→ RECORDS PROVIDED
• • • •

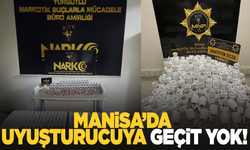 Manisa'da Uyuşturucu Operasyonu: 5 Kişi Tutuklandı, 29 Bin Sentetik Hap Ele Geçirildi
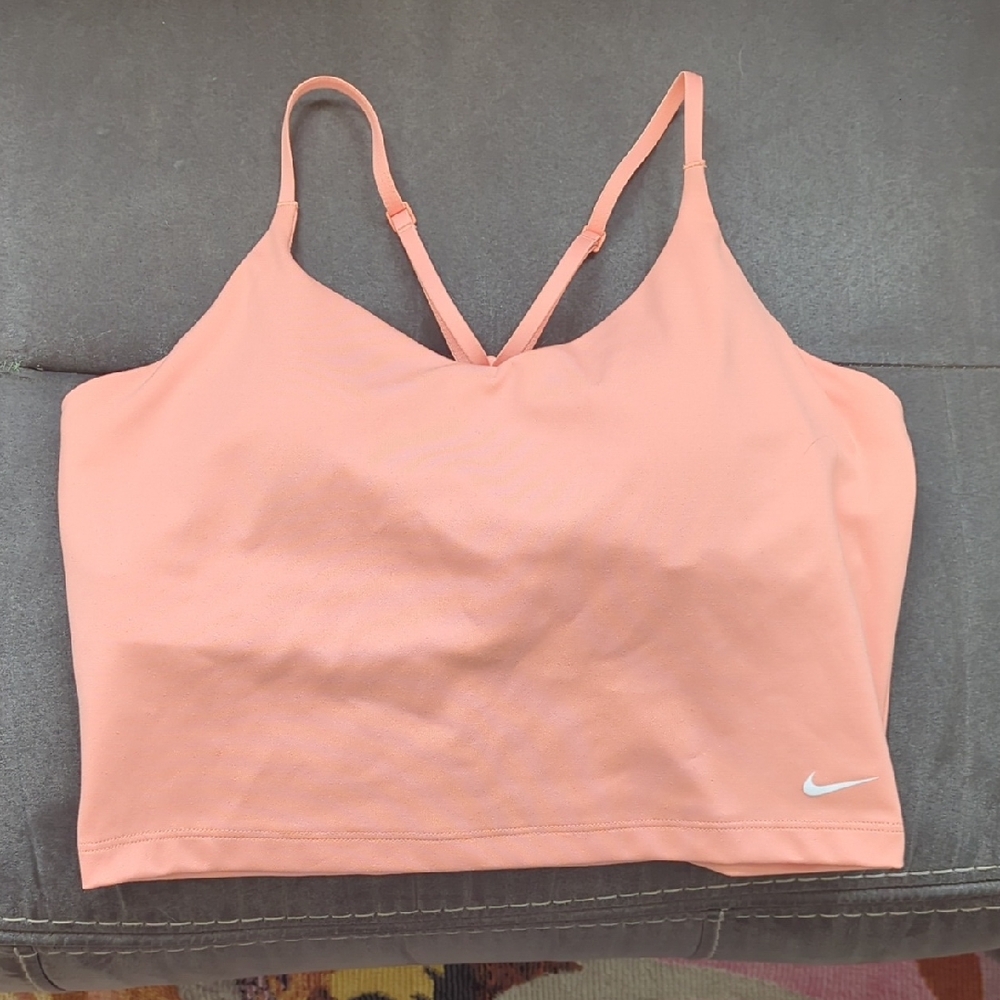 Nike Women's Coral Sports Bra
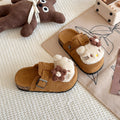 Kids' birkenstock-inspired slides - new autumn 2026 collection: cute cartoon hello kitty design, comfortable, non-slip, closed-toe birkenstock-style slides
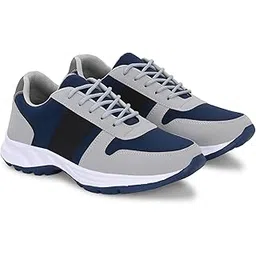 stanphord Mens Aurora Walks Colourblocked Chunky Semi Casual Sneakers | Cushioned Footbed for All Day Use | Shoes | Perfect for Parties, Gym, Outdoor Running Walking-picture-36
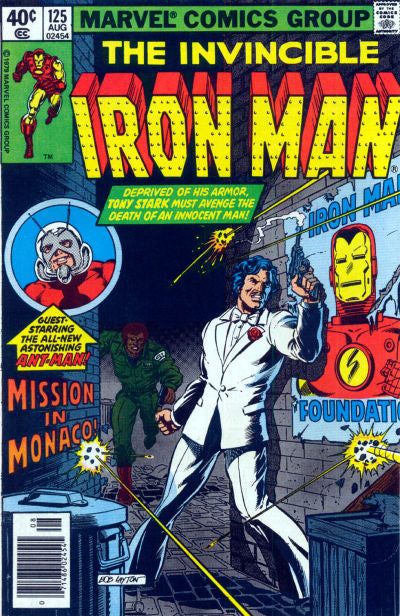 Iron Man 1968 Series #125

• • • •

→ TASK BRIEF
Although pictures appear among the entries, please set down only the lines from the one with "Nike Women's Coral Sports Bra" up to and including the one with "Kids' birkenstock-inspired slides", word for word.

→ EXPECTED ANSWER
 Nike Women's Coral Sports Bra
 Kids' birkenstock-inspired slides - new autumn 2026 collection: cute cartoon hello kitty design, comfortable, non-slip, closed-toe birkenstock-style slides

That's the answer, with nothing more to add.